You are viewing a plain text version of this content. The canonical link for it is here.
Posted to commits@airflow.apache.org by GitBox <gi...@apache.org> on 2020/02/24 13:07:56 UTC

[GitHub] [airflow] ashb commented on a change in pull request #7489: [AIRFLOW-6869][WIP] Bulk fetch DAGRuns for _process_task_instances

ashb commented on a change in pull request #7489: [AIRFLOW-6869][WIP] Bulk fetch DAGRuns for _process_task_instances
URL: https://github.com/apache/airflow/pull/7489#discussion_r383253824
 
 

 ##########
 File path: airflow/jobs/scheduler_job.py
 ##########
 @@ -684,11 +687,36 @@ def _process_dags(self, dagbag, dags, tis_out):
         :type dagbag: airflow.models.DagBag
         :param dags: the DAGs from the DagBag to process
         :type dags: List[airflow.models.DAG]

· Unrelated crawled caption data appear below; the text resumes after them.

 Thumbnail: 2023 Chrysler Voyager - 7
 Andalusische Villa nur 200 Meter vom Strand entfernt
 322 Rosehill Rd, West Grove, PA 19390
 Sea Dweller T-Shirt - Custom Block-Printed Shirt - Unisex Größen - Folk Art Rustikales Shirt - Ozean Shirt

-        :param tis_out: A list to add generated TaskInstance objects
-        :type tis_out: list[TaskInstance]
-        :rtype: None
+        :rtype: list[TaskInstance]
+        :return: A list of generated TaskInstance objects
         """
         check_slas = conf.getboolean('core', 'CHECK_SLAS', fallback=True)
+
+        tis_out = []
+        dag_ids = [dag.dag_id for dag in dags]

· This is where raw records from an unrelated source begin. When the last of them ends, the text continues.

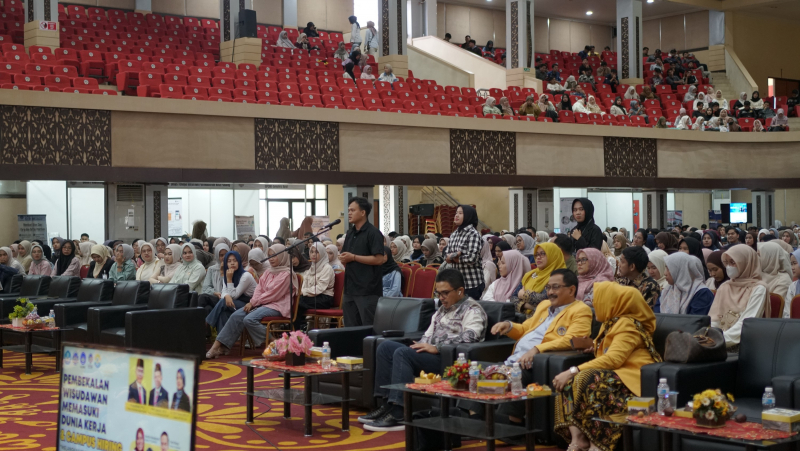 gandeng-12-perusahaan-mitra,-unp-siapkan-wisudawan-masuk-dunia-kerja gandeng-12-perusahaan-mitra,-unp-siapkan-wisudawan-masuk-dunia-kerja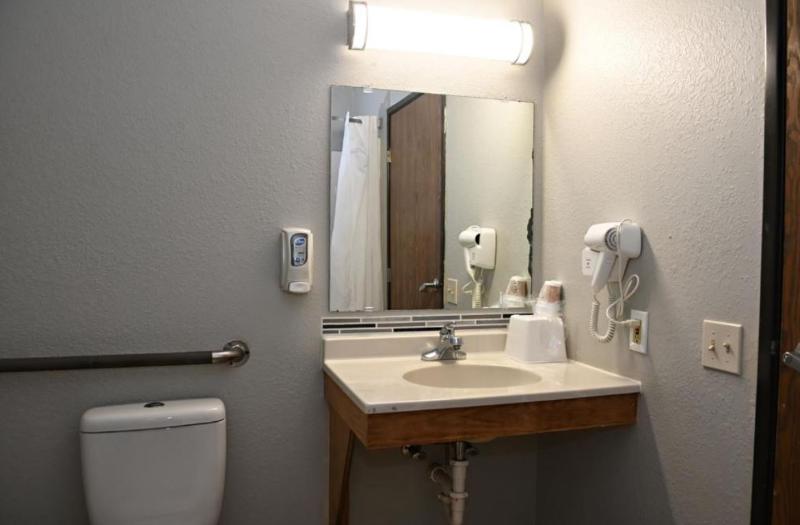 Hibbing Inn and Suites image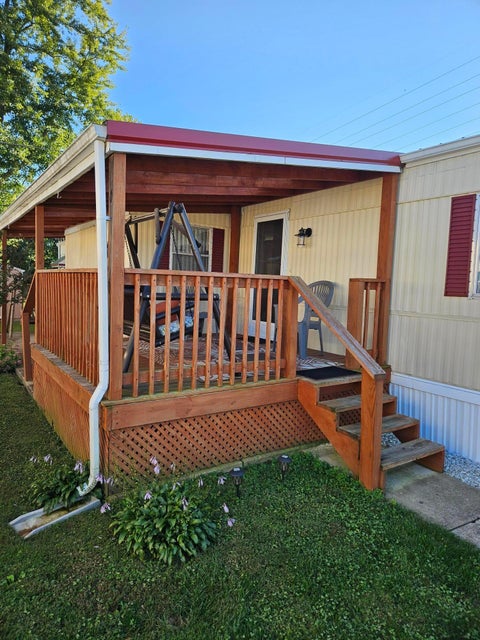 Tiny photo for 1570 E Main Street 61 #61, Lancaster, OH 43130 (MLS # 226037172)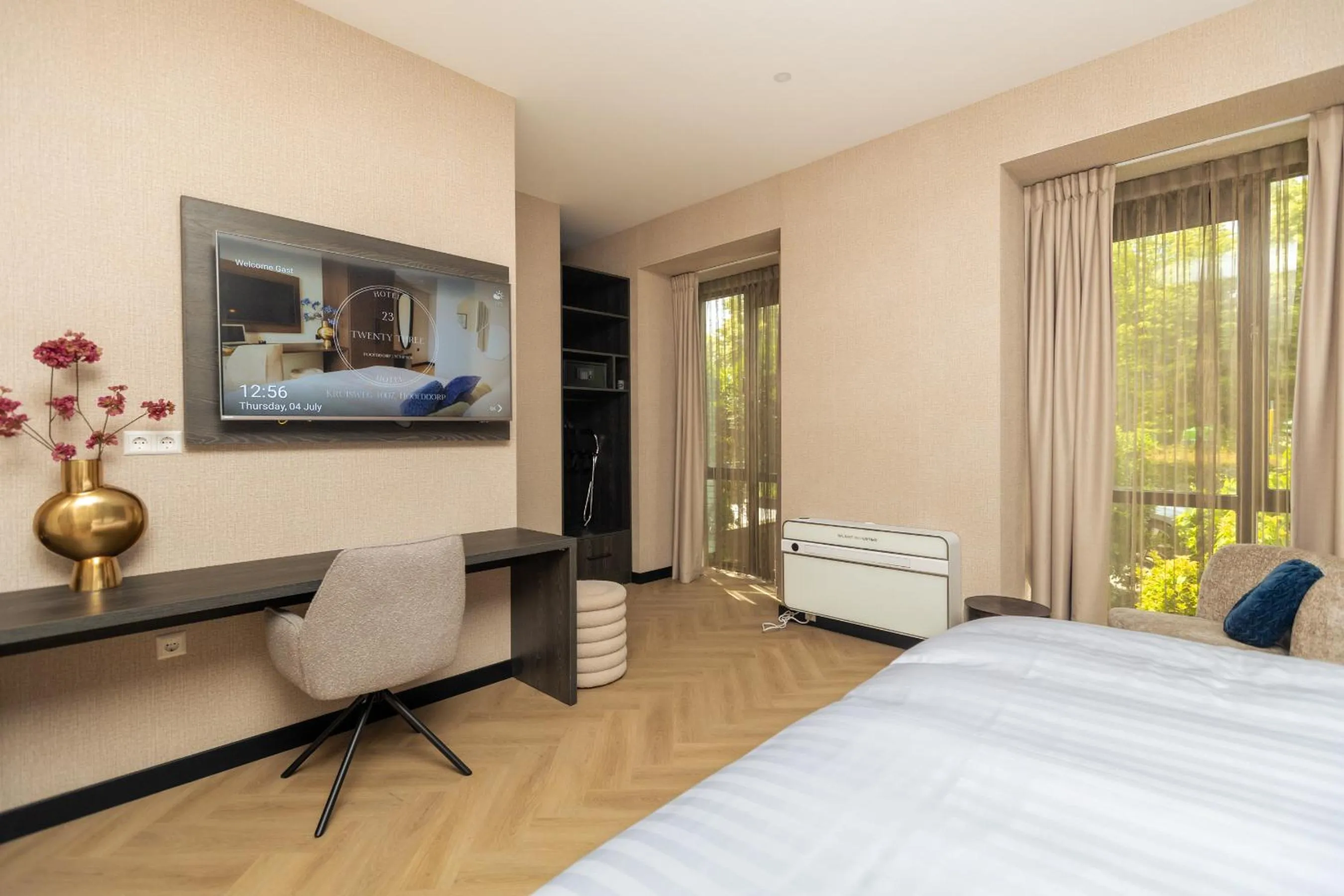 TV and multimedia, Bed in Hotel Twenty-Three Amsterdam Airport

+        dag_runs = DagRun.find(dag_ids=dag_ids, state=State.RUNNING, session=session)
+        # list() is needed because of a bug in Python 3.7+
+        #
+        # The following code returns different values depending on the Python version
+        # from itertools import groupby
+        # from unittest.mock import MagicMock
+        # key = "key"
+        # item = MagicMock(attr=key)
+        # items = [item]
+        # items_by_attr = {k: v for k, v in groupby(items, lambda d: d.attr)}
+        # print("items_by_attr=", items_by_attr)
+        # item_with_key = list(items_by_attr[key]) if key in items_by_attr else []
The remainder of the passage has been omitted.